I have tried to change my cc info for auto pay-but somehow keeps "not saving" my cc info when I put in on-line.  So, now owe MFs w/a penalty.  Called to make a payment-which they will do by phone BUT charge $8.95 for my convenience (my account is blocked until all gets cleared up).  Thanks for the new fees Wyndham!


----------



## ronparise (Jul 13, 2014)

loosefeet said:


> I have tried to change my cc info for auto pay-but somehow keeps "not saving" my cc info when I put in on-line.  So, now owe MFs w/a penalty.  Called to make a payment-which they will do by phone BUT charge $8.95 for my convenience (my account is blocked until all gets cleared up).  Thanks for the new fees Wyndham!



The fee is excessive but it's not new. If you whine a little and tell them you tried to do it online they will just charge you the online fee...still excessive but less so, $3.95


----------



## loosefeet (Jul 13, 2014)

Really?  I have never had to pay fees to give them a payment by phone-haven't done this for awhile though-when did this change?


----------



## uscav8r (Jul 13, 2014)

loosefeet said:


> Really?  I have never had to pay fees to give them a payment by phone-haven't done this for awhile though-when did this change?


I would tell them the account is/was on auto-pay and that you've had problems changing the card so you don't run into this problem again. I had this issue on a transfer of contracts last year on the Wyndham side (vice Worldmark), but they were very accommodating (Wyndham manages WM so I would expect similar helpful service).

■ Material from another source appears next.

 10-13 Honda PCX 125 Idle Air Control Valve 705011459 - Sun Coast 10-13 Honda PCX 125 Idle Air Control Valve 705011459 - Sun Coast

If my experience is typical, then they should have no problem waiving any fees (including any late penalties) if you present your case in the proper light.


----------



## LLW (Jul 14, 2014)

loosefeet said:


> Really?  I have never had to pay fees to give them a payment by phone-haven't done this for awhile though-when did this change?



About 3 or 4 years ago.


----------



## Born2Travel (Jul 14, 2014)

We had a similar problem when our credit card company changed our card number and the auto pay of course wouldn't work.  All of our other accounts either notified us or figured it out on their own somehow, but we weren't notified by Wyndham until the payment was late and they were charging us a late fee.  I called and asked to make the payment by phone and thought they were updating the account at the same time - nope!... next time we get the same thing and they charged another $5 while graciously "waving" that extra $8.95 fee.   I made the change myself online and am hoping it is finally fixed.   Just amazes me how they nickel and dime.... not one of the other auto pay accounts charged us anything and they notified us that the card didn't work so we could fix it, but not Wyndham  :annoyed:


----------